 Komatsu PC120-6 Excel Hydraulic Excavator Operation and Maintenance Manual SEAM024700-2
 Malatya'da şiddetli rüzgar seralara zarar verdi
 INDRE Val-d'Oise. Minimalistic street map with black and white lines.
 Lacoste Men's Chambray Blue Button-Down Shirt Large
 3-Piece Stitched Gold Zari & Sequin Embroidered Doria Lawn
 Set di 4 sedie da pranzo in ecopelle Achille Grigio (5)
▬▬▬▬▬▬▬▬▬▬
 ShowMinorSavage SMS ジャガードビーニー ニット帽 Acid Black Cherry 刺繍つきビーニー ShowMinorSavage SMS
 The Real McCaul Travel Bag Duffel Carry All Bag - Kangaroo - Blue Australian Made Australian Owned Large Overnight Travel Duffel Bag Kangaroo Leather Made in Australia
▬▬▬▬▬▬▬▬▬▬
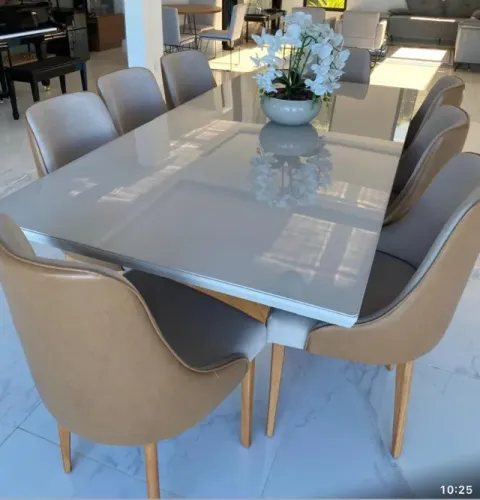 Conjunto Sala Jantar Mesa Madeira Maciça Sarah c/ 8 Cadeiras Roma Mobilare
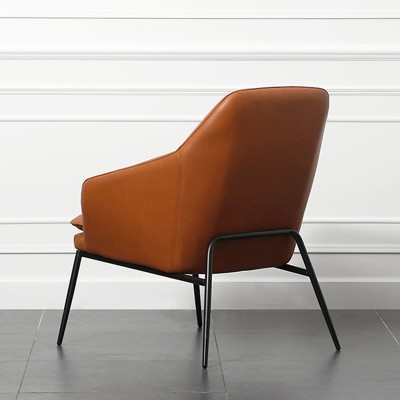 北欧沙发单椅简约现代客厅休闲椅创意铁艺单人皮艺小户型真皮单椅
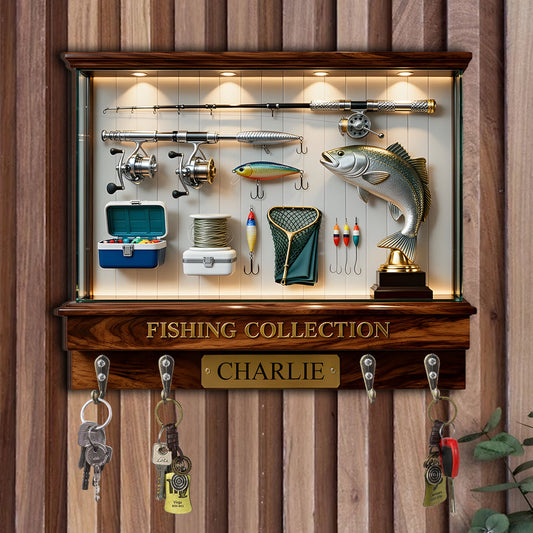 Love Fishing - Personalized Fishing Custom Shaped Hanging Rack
▬▬▬▬▬▬▬▬▬▬
### DIRECTIONS FOR THIS TASK:
Please give again the lines above between the line holding "3-Piece Stitched Gold" and the line holding "Set di 4 sedie", inclusive, exactly as they are and with nothing added.

### RESPONSE BELOW:
 3-Piece Stitched Gold Zari & Sequin Embroidered Doria Lawn
 Set di 4 sedie da pranzo in ecopelle Achille Grigio (5)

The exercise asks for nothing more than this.